■ **Exercise**: Copy the data that follows exactly as it is, excluding all pictures.
==== Information shown ====
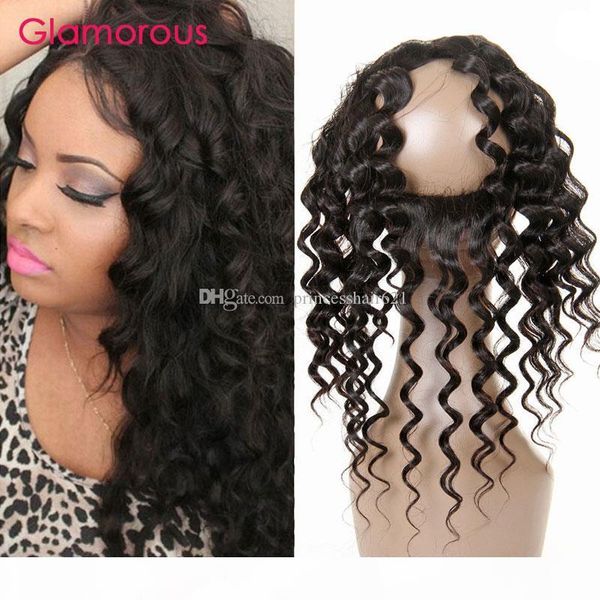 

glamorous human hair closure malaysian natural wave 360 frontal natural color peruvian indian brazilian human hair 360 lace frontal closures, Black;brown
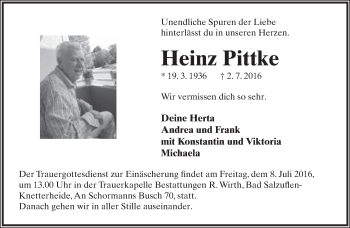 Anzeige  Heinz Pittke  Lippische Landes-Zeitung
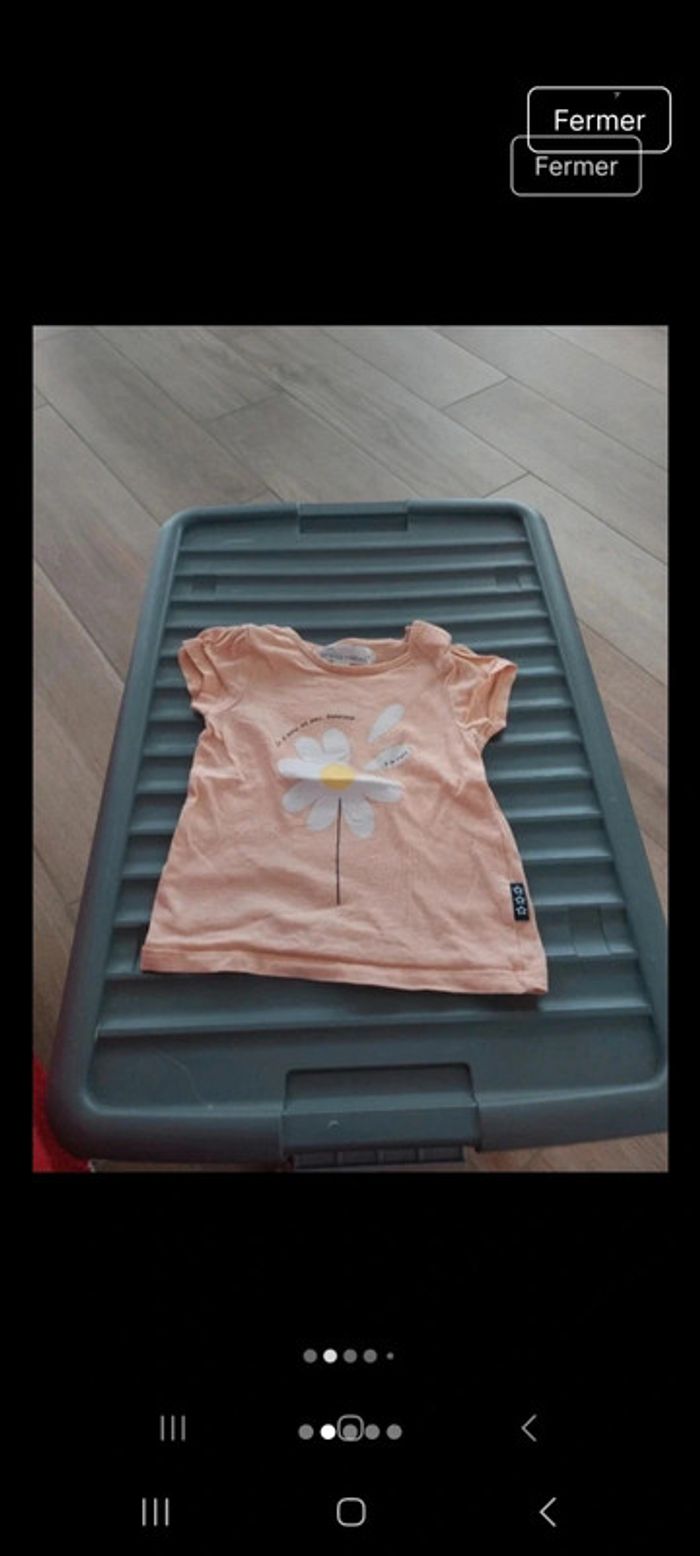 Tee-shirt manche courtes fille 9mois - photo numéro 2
====
■ **Your solution**:
glamorous human hair closure malaysian natural wave 360 frontal natural color peruvian indian brazilian human hair 360 lace frontal closures, Black;brown
 Anzeige  Heinz Pittke  Lippische Landes-Zeitung
 Tee-shirt manche courtes fille 9mois - photo numéro 2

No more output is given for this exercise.